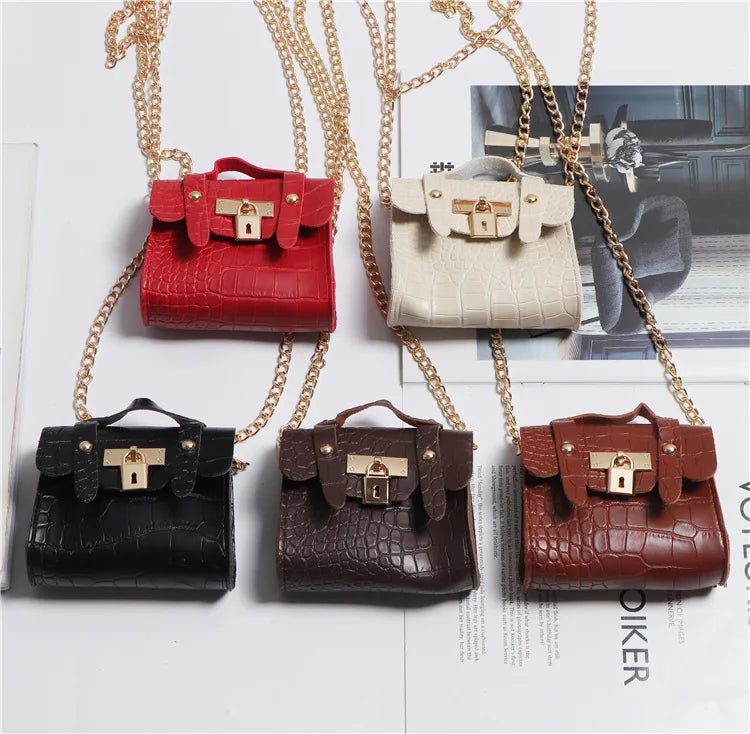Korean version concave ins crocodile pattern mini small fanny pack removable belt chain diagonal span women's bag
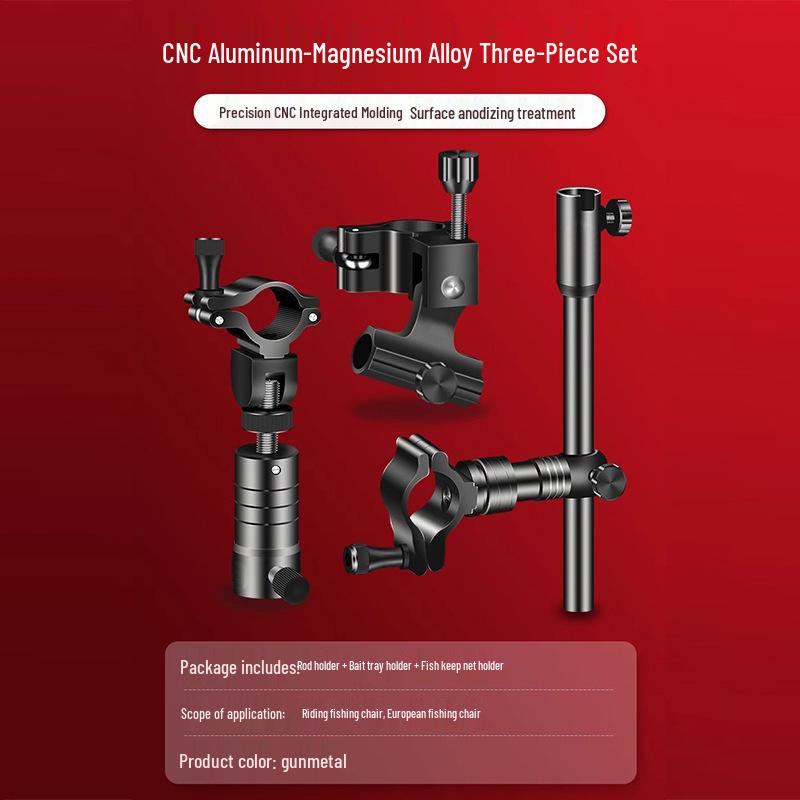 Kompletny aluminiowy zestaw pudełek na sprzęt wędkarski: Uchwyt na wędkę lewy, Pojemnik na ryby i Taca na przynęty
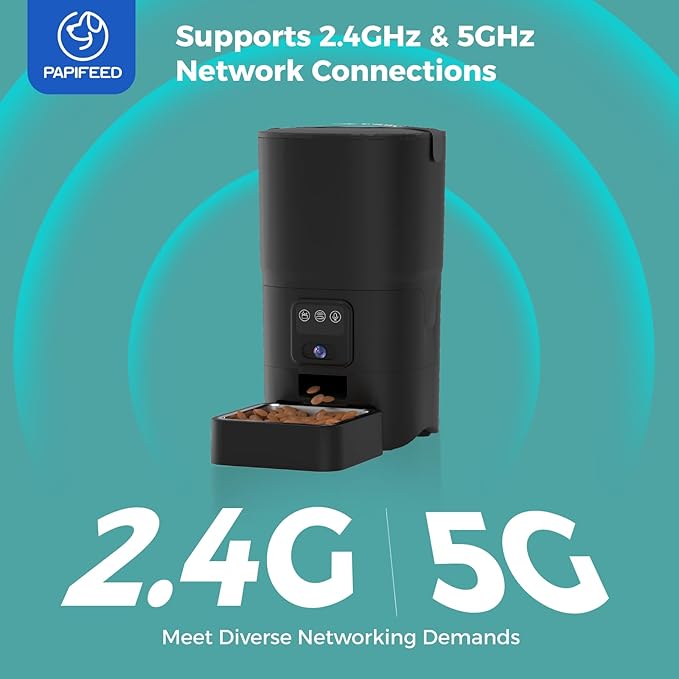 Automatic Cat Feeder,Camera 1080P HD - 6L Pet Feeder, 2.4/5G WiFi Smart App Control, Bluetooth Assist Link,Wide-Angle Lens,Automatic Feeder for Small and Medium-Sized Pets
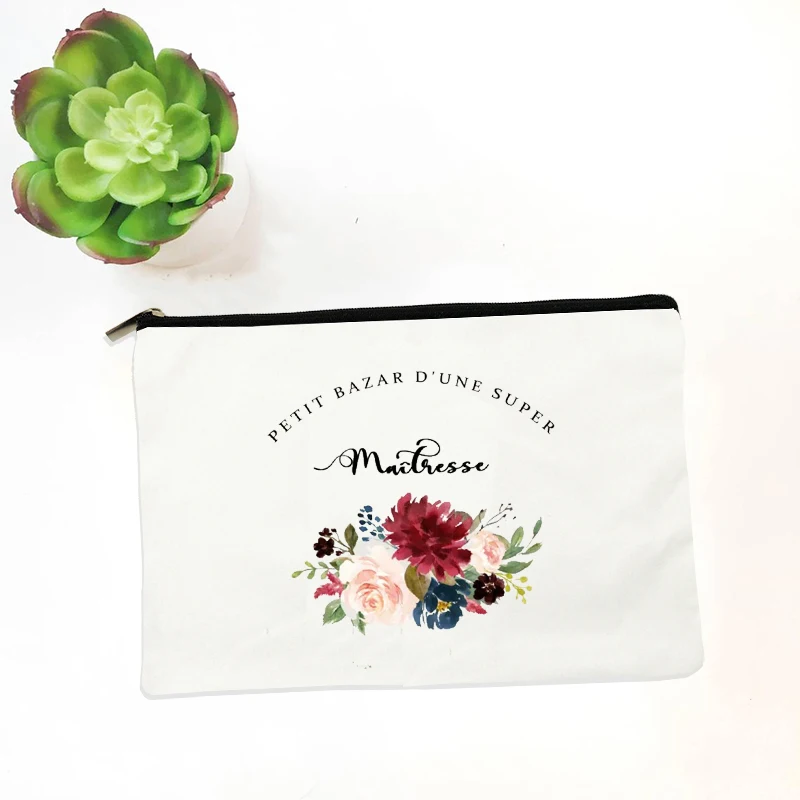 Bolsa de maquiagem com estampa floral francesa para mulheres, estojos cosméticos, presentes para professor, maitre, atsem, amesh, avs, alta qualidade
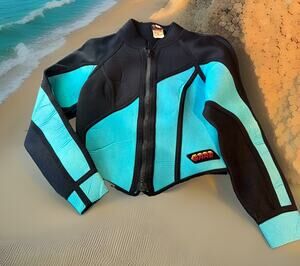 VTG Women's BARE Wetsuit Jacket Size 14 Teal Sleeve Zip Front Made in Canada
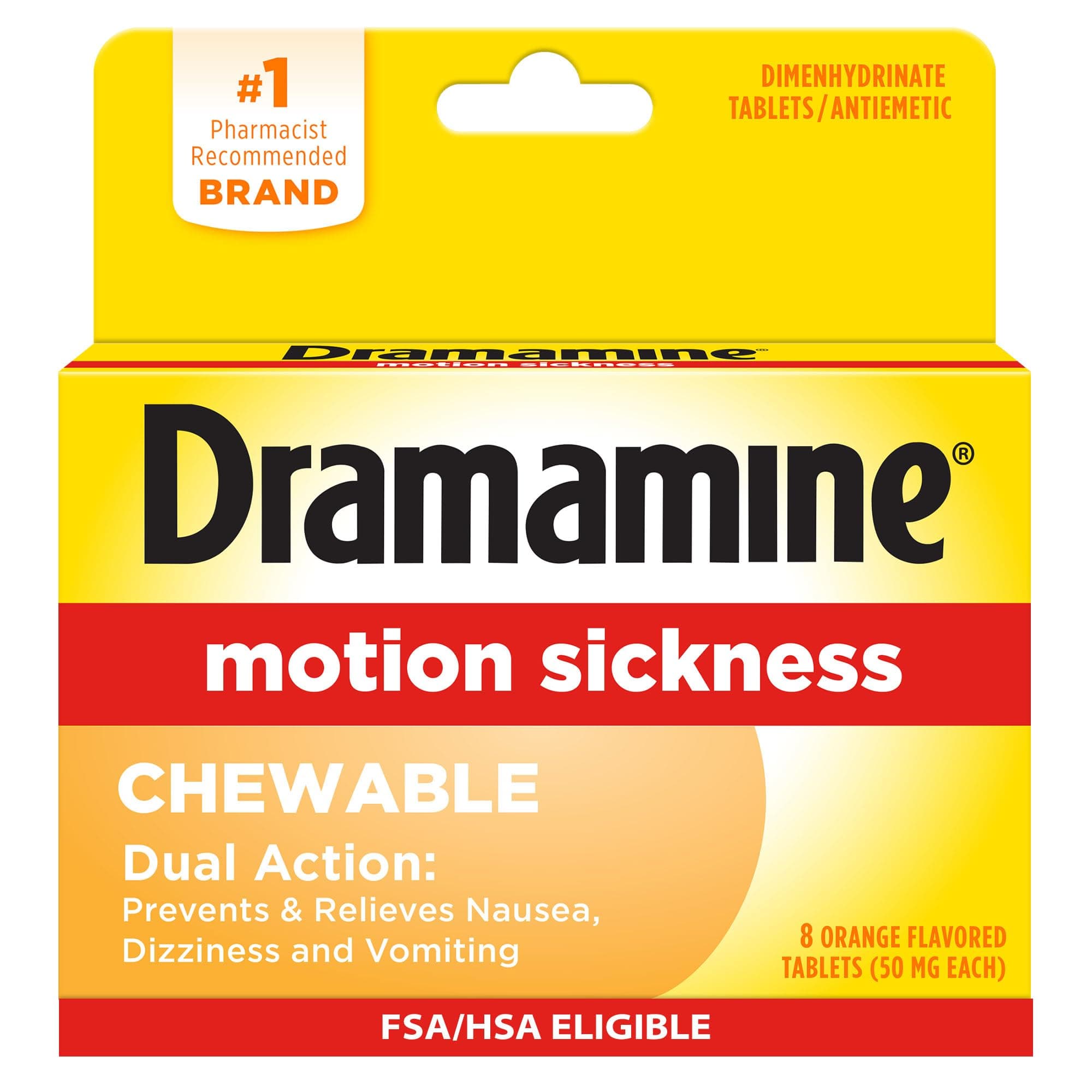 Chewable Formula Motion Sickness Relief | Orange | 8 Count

--------------------------------

■ WORK ORDER: Repeat exactly the stretch of the listing above that starts with the line holding "Kompletny aluminiowy zestaw" and finishes with the line holding "Automatic Cat Feeder,Camera", both included. Skip every picture.

■ SOLUTION TO THIS EXERCISE:
 Kompletny aluminiowy zestaw pudełek na sprzęt wędkarski: Uchwyt na wędkę lewy, Pojemnik na ryby i Taca na przynęty
 Automatic Cat Feeder,Camera 1080P HD - 6L Pet Feeder, 2.4/5G WiFi Smart App Control, Bluetooth Assist Link,Wide-Angle Lens,Automatic Feeder for Small and Medium-Sized Pets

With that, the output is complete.